Scraped caption text data:
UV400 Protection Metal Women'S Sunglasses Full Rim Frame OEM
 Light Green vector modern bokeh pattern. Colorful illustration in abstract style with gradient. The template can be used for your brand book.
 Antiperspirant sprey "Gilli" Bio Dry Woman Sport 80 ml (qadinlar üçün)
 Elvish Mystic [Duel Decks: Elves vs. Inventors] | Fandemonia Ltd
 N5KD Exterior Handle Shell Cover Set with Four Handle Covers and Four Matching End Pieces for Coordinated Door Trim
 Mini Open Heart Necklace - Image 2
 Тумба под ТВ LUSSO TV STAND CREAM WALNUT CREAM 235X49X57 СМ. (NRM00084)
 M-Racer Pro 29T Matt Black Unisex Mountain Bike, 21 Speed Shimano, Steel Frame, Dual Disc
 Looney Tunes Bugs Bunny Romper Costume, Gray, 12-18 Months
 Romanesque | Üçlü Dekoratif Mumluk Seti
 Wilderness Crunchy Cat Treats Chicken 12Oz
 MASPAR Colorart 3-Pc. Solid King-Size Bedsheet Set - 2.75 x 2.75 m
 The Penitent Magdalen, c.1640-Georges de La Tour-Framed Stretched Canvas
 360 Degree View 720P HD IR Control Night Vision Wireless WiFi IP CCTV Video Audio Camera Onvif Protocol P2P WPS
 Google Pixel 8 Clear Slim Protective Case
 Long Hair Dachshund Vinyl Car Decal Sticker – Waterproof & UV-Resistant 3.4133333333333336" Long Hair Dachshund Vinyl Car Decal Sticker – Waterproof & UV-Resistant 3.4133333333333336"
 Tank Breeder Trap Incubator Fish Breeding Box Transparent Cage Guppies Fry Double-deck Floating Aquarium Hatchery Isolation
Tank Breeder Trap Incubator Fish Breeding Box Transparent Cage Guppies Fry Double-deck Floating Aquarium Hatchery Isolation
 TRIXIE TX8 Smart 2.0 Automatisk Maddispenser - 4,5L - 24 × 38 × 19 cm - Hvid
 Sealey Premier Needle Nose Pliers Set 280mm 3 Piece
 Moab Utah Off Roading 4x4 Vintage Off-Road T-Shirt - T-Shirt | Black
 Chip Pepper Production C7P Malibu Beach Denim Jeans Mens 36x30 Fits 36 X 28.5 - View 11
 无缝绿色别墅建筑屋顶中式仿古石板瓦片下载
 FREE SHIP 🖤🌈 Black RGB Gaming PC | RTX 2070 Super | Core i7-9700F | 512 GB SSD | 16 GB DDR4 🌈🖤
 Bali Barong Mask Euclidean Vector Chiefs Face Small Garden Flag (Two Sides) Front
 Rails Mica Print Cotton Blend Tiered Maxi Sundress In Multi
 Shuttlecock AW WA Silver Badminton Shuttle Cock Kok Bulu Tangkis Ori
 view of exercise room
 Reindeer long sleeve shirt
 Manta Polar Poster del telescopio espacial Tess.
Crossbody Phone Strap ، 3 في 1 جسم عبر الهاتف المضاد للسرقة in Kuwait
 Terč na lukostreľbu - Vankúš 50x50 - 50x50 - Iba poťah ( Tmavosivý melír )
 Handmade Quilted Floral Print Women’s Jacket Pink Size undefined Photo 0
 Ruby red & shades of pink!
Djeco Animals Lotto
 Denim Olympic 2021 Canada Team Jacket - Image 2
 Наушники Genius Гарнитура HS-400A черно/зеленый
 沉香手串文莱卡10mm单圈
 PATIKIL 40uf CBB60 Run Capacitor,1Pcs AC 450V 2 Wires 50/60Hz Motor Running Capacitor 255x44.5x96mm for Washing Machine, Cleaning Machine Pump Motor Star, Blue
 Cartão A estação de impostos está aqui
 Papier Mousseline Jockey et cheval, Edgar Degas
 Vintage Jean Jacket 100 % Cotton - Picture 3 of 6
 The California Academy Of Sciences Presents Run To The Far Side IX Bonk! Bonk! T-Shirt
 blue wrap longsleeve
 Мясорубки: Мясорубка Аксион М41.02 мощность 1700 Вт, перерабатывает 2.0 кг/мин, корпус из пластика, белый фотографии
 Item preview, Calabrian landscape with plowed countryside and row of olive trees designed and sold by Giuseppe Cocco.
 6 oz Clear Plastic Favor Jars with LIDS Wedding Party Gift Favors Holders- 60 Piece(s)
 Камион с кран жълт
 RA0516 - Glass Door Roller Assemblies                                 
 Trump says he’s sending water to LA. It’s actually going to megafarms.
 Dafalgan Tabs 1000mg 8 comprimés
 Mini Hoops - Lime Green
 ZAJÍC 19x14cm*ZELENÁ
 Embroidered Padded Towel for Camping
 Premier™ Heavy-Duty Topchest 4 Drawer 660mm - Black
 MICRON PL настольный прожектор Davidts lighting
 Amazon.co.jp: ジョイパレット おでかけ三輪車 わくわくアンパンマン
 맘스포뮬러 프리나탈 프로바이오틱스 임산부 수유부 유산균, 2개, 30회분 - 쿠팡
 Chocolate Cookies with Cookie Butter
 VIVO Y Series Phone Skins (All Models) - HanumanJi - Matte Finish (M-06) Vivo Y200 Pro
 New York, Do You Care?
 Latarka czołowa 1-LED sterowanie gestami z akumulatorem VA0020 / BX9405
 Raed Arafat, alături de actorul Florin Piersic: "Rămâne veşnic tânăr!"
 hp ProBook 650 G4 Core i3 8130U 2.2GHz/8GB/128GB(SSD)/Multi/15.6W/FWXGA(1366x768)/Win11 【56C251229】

■ **Work task**: Reproduce the records above exactly.

■ **Exercise answer**:
UV400 Protection Metal Women'S Sunglasses Full Rim Frame OEM
 Light Green vector modern bokeh pattern. Colorful illustration in abstract style with gradient. The template can be used for your brand book.
 Antiperspirant sprey "Gilli" Bio Dry Woman Sport 80 ml (qadinlar üçün)
 Elvish Mystic [Duel Decks: Elves vs. Inventors] | Fandemonia Ltd
 N5KD Exterior Handle Shell Cover Set with Four Handle Covers and Four Matching End Pieces for Coordinated Door Trim
 Mini Open Heart Necklace - Image 2
 Тумба под ТВ LUSSO TV STAND CREAM WALNUT CREAM 235X49X57 СМ. (NRM00084)
 M-Racer Pro 29T Matt Black Unisex Mountain Bike, 21 Speed Shimano, Steel Frame, Dual Disc
 Looney Tunes Bugs Bunny Romper Costume, Gray, 12-18 Months
 Romanesque | Üçlü Dekoratif Mumluk Seti
 Wilderness Crunchy Cat Treats Chicken 12Oz
 MASPAR Colorart 3-Pc. Solid King-Size Bedsheet Set - 2.75 x 2.75 m
 The Penitent Magdalen, c.1640-Georges de La Tour-Framed Stretched Canvas
 360 Degree View 720P HD IR Control Night Vision Wireless WiFi IP CCTV Video Audio Camera Onvif Protocol P2P WPS
 Google Pixel 8 Clear Slim Protective Case
 Long Hair Dachshund Vinyl Car Decal Sticker – Waterproof & UV-Resistant 3.4133333333333336" Long Hair Dachshund Vinyl Car Decal Sticker – Waterproof & UV-Resistant 3.4133333333333336"
 Tank Breeder Trap Incubator Fish Breeding Box Transparent Cage Guppies Fry Double-deck Floating Aquarium Hatchery Isolation
Tank Breeder Trap Incubator Fish Breeding Box Transparent Cage Guppies Fry Double-deck Floating Aquarium Hatchery Isolation
 TRIXIE TX8 Smart 2.0 Automatisk Maddispenser - 4,5L - 24 × 38 × 19 cm - Hvid
 Sealey Premier Needle Nose Pliers Set 280mm 3 Piece
 Moab Utah Off Roading 4x4 Vintage Off-Road T-Shirt - T-Shirt | Black
 Chip Pepper Production C7P Malibu Beach Denim Jeans Mens 36x30 Fits 36 X 28.5 - View 11
 无缝绿色别墅建筑屋顶中式仿古石板瓦片下载
 FREE SHIP 🖤🌈 Black RGB Gaming PC | RTX 2070 Super | Core i7-9700F | 512 GB SSD | 16 GB DDR4 🌈🖤
 Bali Barong Mask Euclidean Vector Chiefs Face Small Garden Flag (Two Sides) Front
 Rails Mica Print Cotton Blend Tiered Maxi Sundress In Multi
 Shuttlecock AW WA Silver Badminton Shuttle Cock Kok Bulu Tangkis Ori
 view of exercise room
 Reindeer long sleeve shirt
 Manta Polar Poster del telescopio espacial Tess.
Crossbody Phone Strap ، 3 في 1 جسم عبر الهاتف المضاد للسرقة in Kuwait
 Terč na lukostreľbu - Vankúš 50x50 - 50x50 - Iba poťah ( Tmavosivý melír )
 Handmade Quilted Floral Print Women’s Jacket Pink Size undefined Photo 0
 Ruby red & shades of pink!
Djeco Animals Lotto
 Denim Olympic 2021 Canada Team Jacket - Image 2
 Наушники Genius Гарнитура HS-400A черно/зеленый
 沉香手串文莱卡10mm单圈
 PATIKIL 40uf CBB60 Run Capacitor,1Pcs AC 450V 2 Wires 50/60Hz Motor Running Capacitor 255x44.5x96mm for Washing Machine, Cleaning Machine Pump Motor Star, Blue
 Cartão A estação de impostos está aqui
 Papier Mousseline Jockey et cheval, Edgar Degas
 Vintage Jean Jacket 100 % Cotton - Picture 3 of 6
 The California Academy Of Sciences Presents Run To The Far Side IX Bonk! Bonk! T-Shirt
 blue wrap longsleeve
 Мясорубки: Мясорубка Аксион М41.02 мощность 1700 Вт, перерабатывает 2.0 кг/мин, корпус из пластика, белый фотографии
 Item preview, Calabrian landscape with plowed countryside and row of olive trees designed and sold by Giuseppe Cocco.
 6 oz Clear Plastic Favor Jars with LIDS Wedding Party Gift Favors Holders- 60 Piece(s)
 Камион с кран жълт
 RA0516 - Glass Door Roller Assemblies                                 
 Trump says he’s sending water to LA. It’s actually going to megafarms.
 Dafalgan Tabs 1000mg 8 comprimés
 Mini Hoops - Lime Green
 ZAJÍC 19x14cm*ZELENÁ
 Embroidered Padded Towel for Camping
 Premier™ Heavy-Duty Topchest 4 Drawer 660mm - Black
 MICRON PL настольный прожектор Davidts lighting
 Amazon.co.jp: ジョイパレット おでかけ三輪車 わくわくアンパンマン
 맘스포뮬러 프리나탈 프로바이오틱스 임산부 수유부 유산균, 2개, 30회분 - 쿠팡
 Chocolate Cookies with Cookie Butter
 VIVO Y Series Phone Skins (All Models) - HanumanJi - Matte Finish (M-06) Vivo Y200 Pro
 New York, Do You Care?
 Latarka czołowa 1-LED sterowanie gestami z akumulatorem VA0020 / BX9405
 Raed Arafat, alături de actorul Florin Piersic: "Rămâne veşnic tânăr!"
 hp ProBook 650 G4 Core i3 8130U 2.2GHz/8GB/128GB(SSD)/Multi/15.6W/FWXGA(1366x768)/Win11 【56C251229】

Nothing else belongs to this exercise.